▸ COLLECTED DATA
◇ ◇ ◇ ◇ ◇

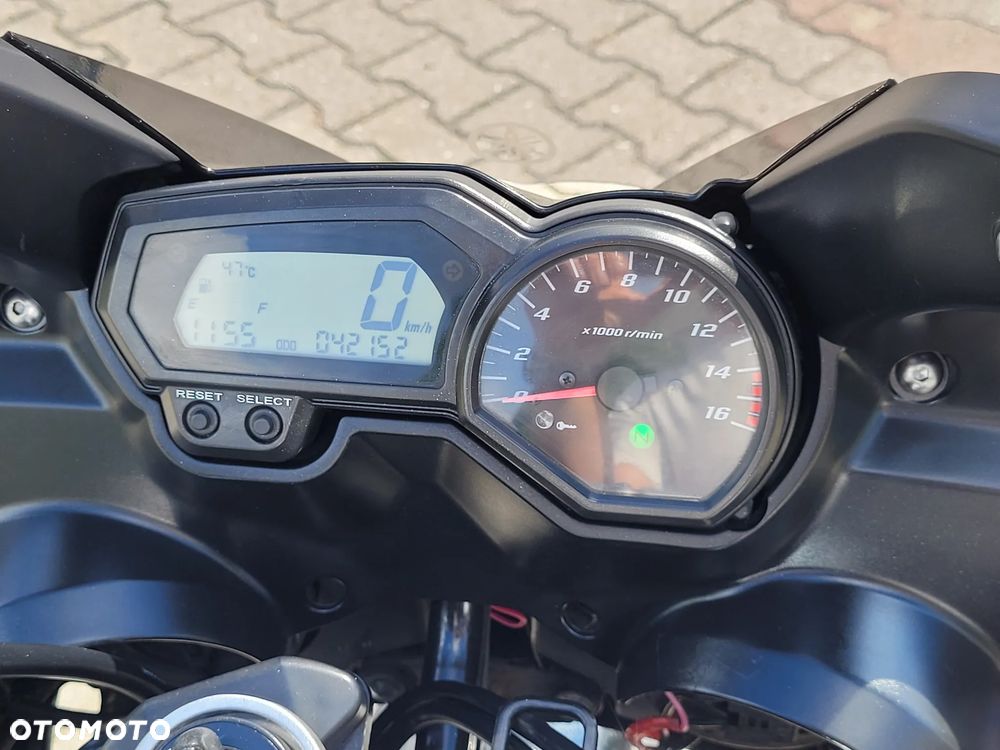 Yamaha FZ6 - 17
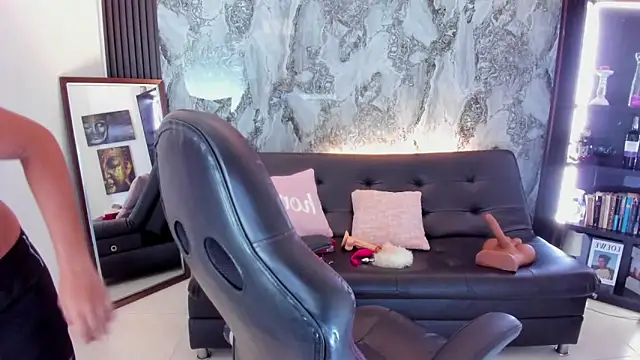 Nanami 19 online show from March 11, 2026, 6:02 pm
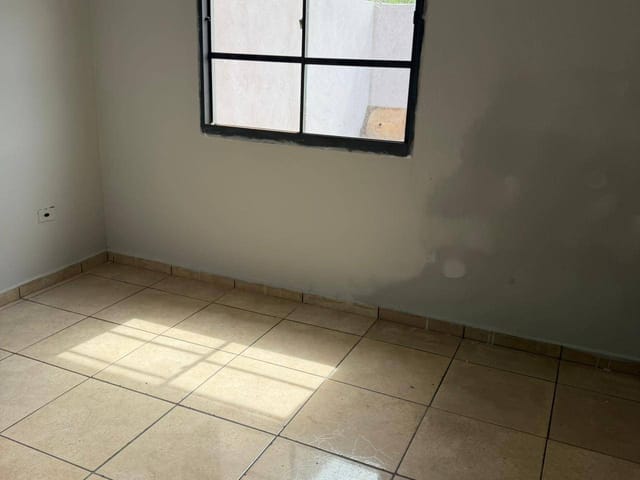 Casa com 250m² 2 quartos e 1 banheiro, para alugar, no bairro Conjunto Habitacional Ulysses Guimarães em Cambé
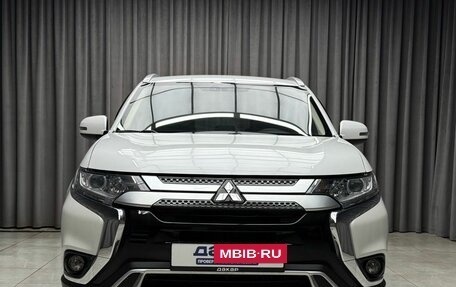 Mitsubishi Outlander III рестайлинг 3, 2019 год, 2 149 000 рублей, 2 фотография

◇ ◇ ◇ ◇ ◇

Give the data above again, exactly and completely. No pictures go in.

 Yamaha FZ6 - 17
 Nanami 19 online show from March 11, 2026, 6:02 pm
 Casa com 250m² 2 quartos e 1 banheiro, para alugar, no bairro Conjunto Habitacional Ulysses Guimarães em Cambé
 Mitsubishi Outlander III рестайлинг 3, 2019 год, 2 149 000 рублей, 2 фотография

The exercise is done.